Implementing the tests

We primarily use two services and some homegrown glue to run our A/B tests. Essentially, our “tech stack” for running A/B tests goes like this:

  1. We set up the test using Optimizely, which makes it incredibly easy for anyone to set up tests – it doesn’t take any knowledge of HTML or CSS to change the headline on a page, for example. At the same time, it’s powerful enough for almost anything you could want to do (it’s using jQuery underneath, so you’re only limited by the power of the selector), and for wholesale rewrites of a page we can deploy an alternate version and redirect to that page. There are plenty of alternatives to Optimizely as well – Visual Website Optimizer, Google Website Optimizer, etc. – but we’ve been quite happy with Optimizely.
  2. We add to the stock Optimizely setup a Javascript snippet that is inserted on all pages (experimental and original) that identifies the test and variation to Clicky, which we use for tracking behavior on the marketing sites. Optimizely’s tracking is quite good (and has improved drastically over the last few months), but we still primarily use Clicky for this tracking since it’s already nicely setup for our conversion “funnel” and offers API access.
  3. We also add to Optimizely another piece of Javascript to rewrite all the URLs on the marketing pages to “tag” each visitor that’s part of an experiment with the experimental group. When a visitor completes signup, Queenbee – our admin and billing system – stores that tag in a database. This lets us easily track plan mix, retention, etc. across experimental groups (and we’re able to continue to do this far into the future).
  4. Finally, we do set up some click and conversion goals in Optimizely itself. This primarily serves as a validation—visitor tracking is not an exact science, and so I like to verify that the results we tabulate from our Clicky tracking are at least similar to what Optimizely measures directly.

Evaluating the results

Once we start a test, our Campfire bot ‘tally’ takes center stage to help us evaluate the test.

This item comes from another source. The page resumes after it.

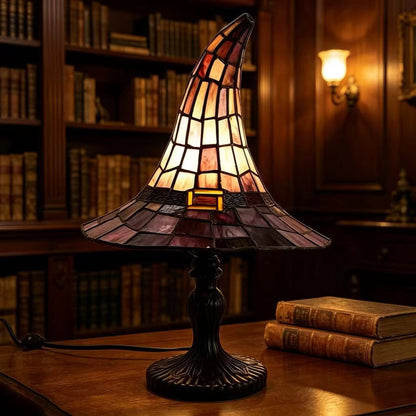 Wizard Hat Resin Accent Lamp with Vintage Stained Glass Effect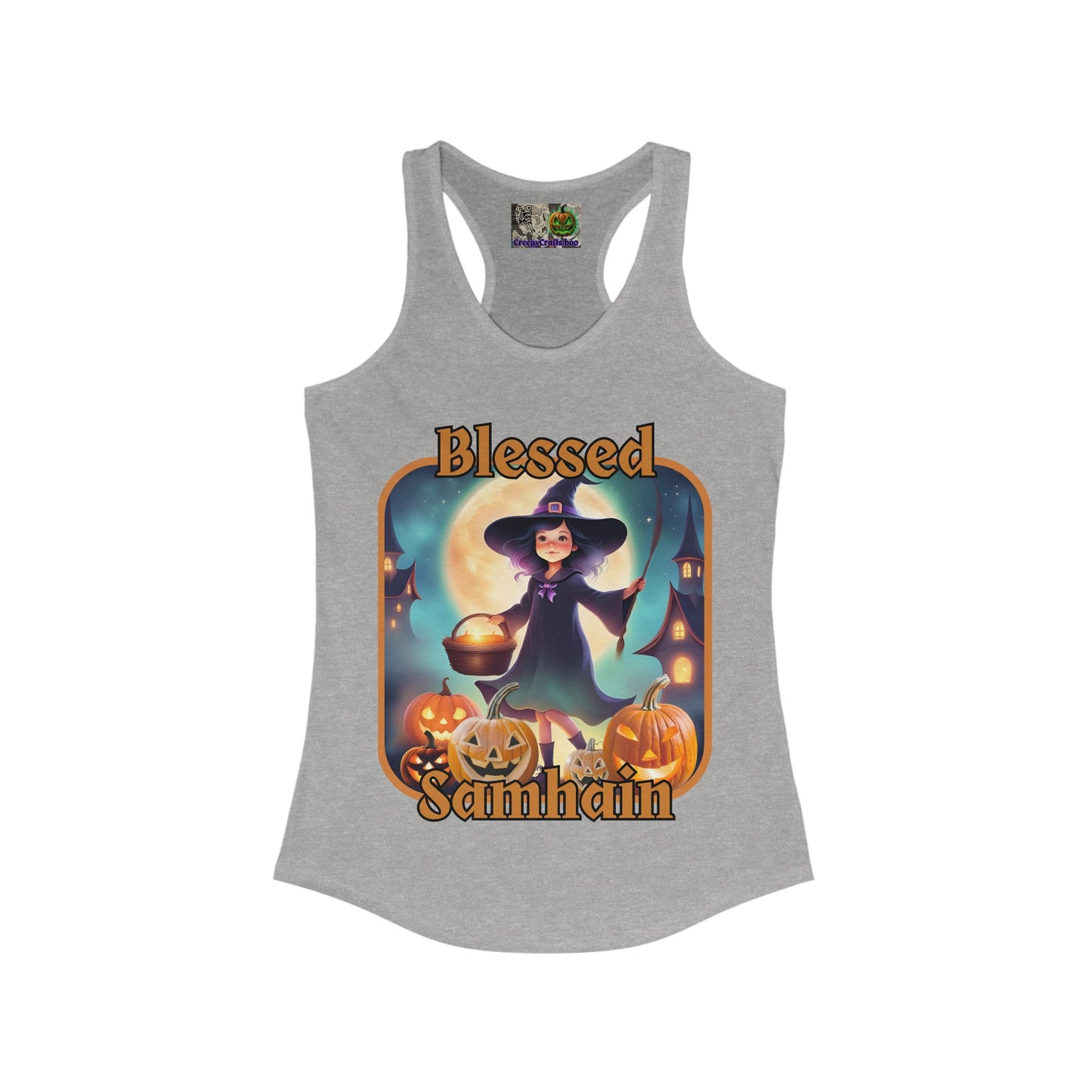 Blessed Samhain Little Witch Orange font Women's Racerback Tank Top by CreepyCrafts.boo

We’ve set up tally to respond to a phrase like “tally abtest highrise landing page round 5” with two sets of information:

  1. The “conversion funnel” for each variation—what portion of visitors reached the plan selection page, reached the signup form, and completed signup. For each variation, we compare these metrics to the original for statistical significance. In addition, tally estimates the required sample size to detect a 10% difference in performance, and we let the experiment run to that point (for a nice explanation of why you should let tests run based on a sample size as opposed to stopping when you think you’ve hit a significant result, see here).
  2. The profile of each variation’s “cohort” that has completed signup. This includes the portion of signups that were for paying plans, the average price of those plans, and the net monthly value of a visitor to any given variation’s landing page (we also have a web-based interface to let us dig deeper into these cohorts’ retention and usage profiles). These numbers are important—we’d rather have lower overall signups if it means we’re getting a higher value signup.

Tally sits in a few of our Campfire rooms, and anyone at 37signals can check on the results of any test that’s going on or recently finished anytime in just a few seconds.

Once a test has finished, we don’t just sit back and bask in our higher conversion rates or increased average signup value—we try to infer what worked and what didn’t work, design a new test, and get back to experimenting and learning.